Saturday, December 09, 2006

thoughts on Christmas




In 1937, for a Christmas present, Goebbels gave Hitler 18 Mickey Mouse films. Goebbels was always a big Disney cartoon fan – Snow White, in particular, was a favorite.

Christmas, too, was a favorite of the Nazis. An officially sanctioned favorite. Long before Bill O’Reilly discovered that Christmas was being traduced by traitors from within, the Nazis had found in Christmas a powerful way to promote a number of their most signal policies. Hitler’s state was the first modern guns and butter regime, and such regimes require a resilient consumer sector. The most zealous Nazis tried to make Weihnacht into a more Aryan holiday, promoting the use of Yule, for instance. But the effect of the Nazi re-inflation in Germany is more coolly represented in Heimat, which shows the high point of the thirties as a Christmas – the Christmas of 1937 or 1938, I believe. Sebald mentions the mythical Christmases of the 30s in his book on the Air War. The Fox news emphasis on the American-ness of this peculiar holiday simply follows, blindly, a logic at work in war culture economies – the identity of country and consumerism in a holiday that sanctifies using a credit card or spending Deutsche marks.

War’s id finds, in Christmas, a particularly rich text. It is a place where all the many poisons in the system can come out as cranberry sauce and war games for the kids.
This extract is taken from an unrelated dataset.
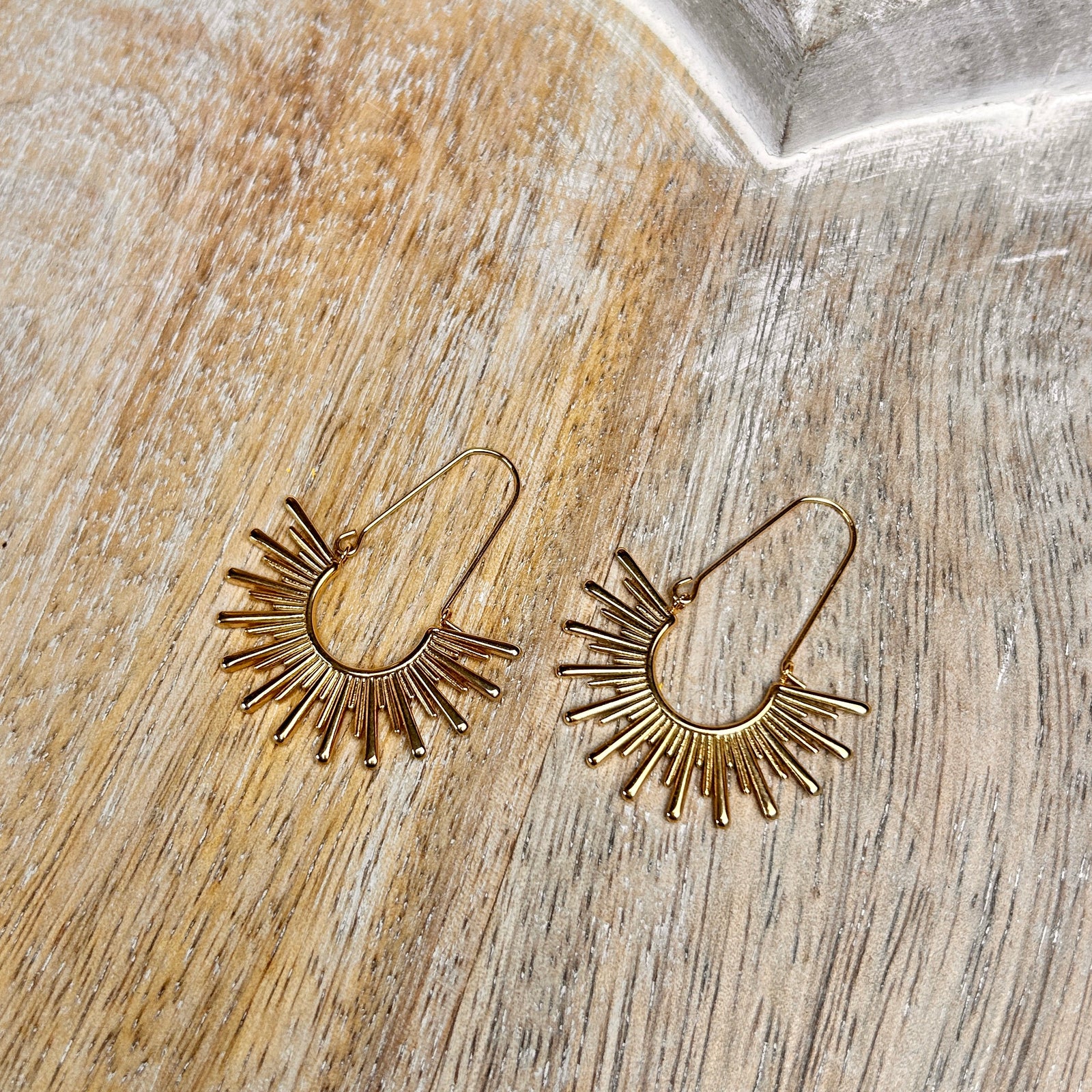 Yolande - small hoop half sun earrings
Let them grow up remembering, on this festive occasion in which we can proudly look across the ocean to the piles and piles of Iraqi bodies, all murdered in an act of generosity by the great American people, that America is a uniquely benign super power, for which Jesu Christi was spangled on a Christmas tree. A great baby, a great savior, who never left home without his Visa card. Imagine, this year Santa is splashing through the blood of thousands of bad little Iraqi children just to bring American children, all nestled in their beds of democracy and CO2, the nicest little computer gifts global corporations can provide! Makes me feel warm and snug.

Ah, and here’s a nice little 1919 Christmas poem by Tucholsky to end with. Here’s the German, with my translation:

Einkäufe

Was schenke ich dem kleinen Michel
zu diesem kalten Weihnachtsfest?
Den Kullerball? Den Sabberpichel?
Ein Gummikissen, das nicht näßt?
Ein kleines Seifensiederlicht?
Das hat er noch nicht. Das hat er noch nicht!

Wähl ich den Wiederaufbaukasten?
Schenk ich ihm noch mehr Schreibpapier?
Ein Ding mit schwarzweißroten Tasten;
ein patriotisches Klavier?
Ein objektives Kriegsgericht?
Das hat er noch nicht. Das hat er noch nicht!

Schenk ich den Nachttopf ihm auf Rollen?
Schenk ich ein Moratorium?
Ein Sparschwein, kugelig geschwollen?
Ein Puppenkrematorium?
Ein neues gescheites Reichsgericht?
Das hat er noch nicht. Das hat er noch nicht!

Ach, liebe Basen, Onkels, Tanten –
Schenkt ihr ihm was. Ich find es kaum.
Ihr seid die Fixen und Gewandten,
hängt ihrs ihm untern Tannenbaum.
Doch schenkt ihm keine Reaktion!
Die hat er schon. Die hat er schon!
Purchases

What am I going to get little Mikey
on this cold Christmas day?
The little ball? a bib for the tykie?
A waterproof little rubber tray?
A clue, that’s what I could get!
He doesn’t have that yet. Nope, he doesn’t have that yet.

Perhaps the re-building set, please?
Or how about more stationary?
A thingamabob with whiteblackred keys;
a patriotic piano?
An objective war report I might get?
He doesn’t have that yet. He doesn’t have that yet!

How about a little potty on wheels?
How about a moratorium?
A pig for his pennies, swollen from deals?
Or a G.I. Joe doll crematorium?
Hey, a war tribunal with rights I might get?
He doesn’t have that yet. Oh, he doesn’t have that yet?

O, dear cousins, uncles and aunts –
Give him something good. I can hardly find it.
You day traders, short sellers, financial hot pants
hang it up for him under the Christmas tree.
But don’t give him any more pro-war shit!
He has just enough. Just enough of it!